La campagna di febbraio non è una replica, è un rilancio politico e culturale. La scelta di collocare la seconda uscita pubblica nel mese di febbraio non è casuale. Febbraio è il periodo tradizionalmente associato alla celebrazione dell’amore e dei sentimenti, un tempo saturo di narrazioni romantiche che spesso evitano di interrogarsi sulle relazioni di potere e sulle forme di violenza che possono annidarsi proprio nei legami affettivi. È un problema mio interviene in questo spazio simbolico per ribadire un messaggio essenziale: l’amore non giustifica il controllo, non legittima la sopraffazione, non deve fare male. Portare la campagna nello spazio pubblico in questo momento dell’anno significa scardinare l’equivoco che confonde l’amore con il possesso e il sentimento con la violenza, riaffermando che le relazioni si fondano su rispetto, responsabilità e libertà reciproca.
Nelle principali città umbre, in spazi ad alta visibilità, È un problema mio torna sui muri con accresciuta consapevolezza, con un messaggio definito e una direzione dichiarata. Febbraio segna anche un ulteriore passaggio: dalle affissioni come presenza simbolica alle affissioni come porta d’ingresso a un’azione più ampia. Entrano ancora più nel vivo le attività rivolte a scuole, insegnanti, genitori e adulti. Il progetto prevede laboratori condotti da formatrici e formatori, con una presenza maschile attiva e consapevole.
«Responsabilizzare gli uomini è il cambiamento culturale più urgente». Per questo, il coinvolgimento maschile nei percorsi educativi è considerato un elemento strategico. Alla base del progetto resta una convinzione condivisa, più volte ribadita nel confronto tra le associazioni: «La violenza contro le donne nasce dal silenzio, cresce nell’indifferenza, si regge sulla complicità. Ci riguarda sempre tutti e tutte».

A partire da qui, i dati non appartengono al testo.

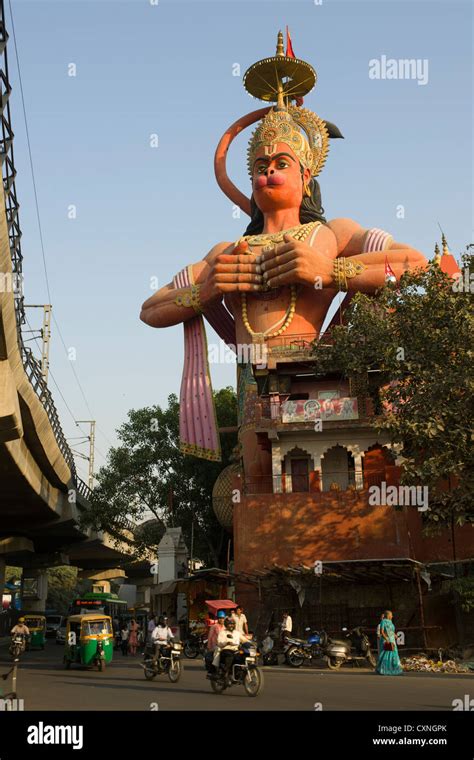 Giant 108 foot high statue of Lord Hanuman, Hanuman Mandir, Karol Bagh ...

Con la seconda campagna, il progetto consolida la propria presenza pubblica nell’orizzonte di un percorso che guarda al lungo periodo e che sceglie di tenere aperto, nello spazio pubblico, un tema che riguarda l’intera società. Non per spiegare. Per restare.


È un problema mio” è un progetto promosso da Terni Donne APS, in partenariato con Libera…mente Donna ETS, Rete delle Donne Antiviolenza, APS Forum Donne Amelia e UDI Perugia ETS, finanziato dal Dipartimento per le Pari Opportunità.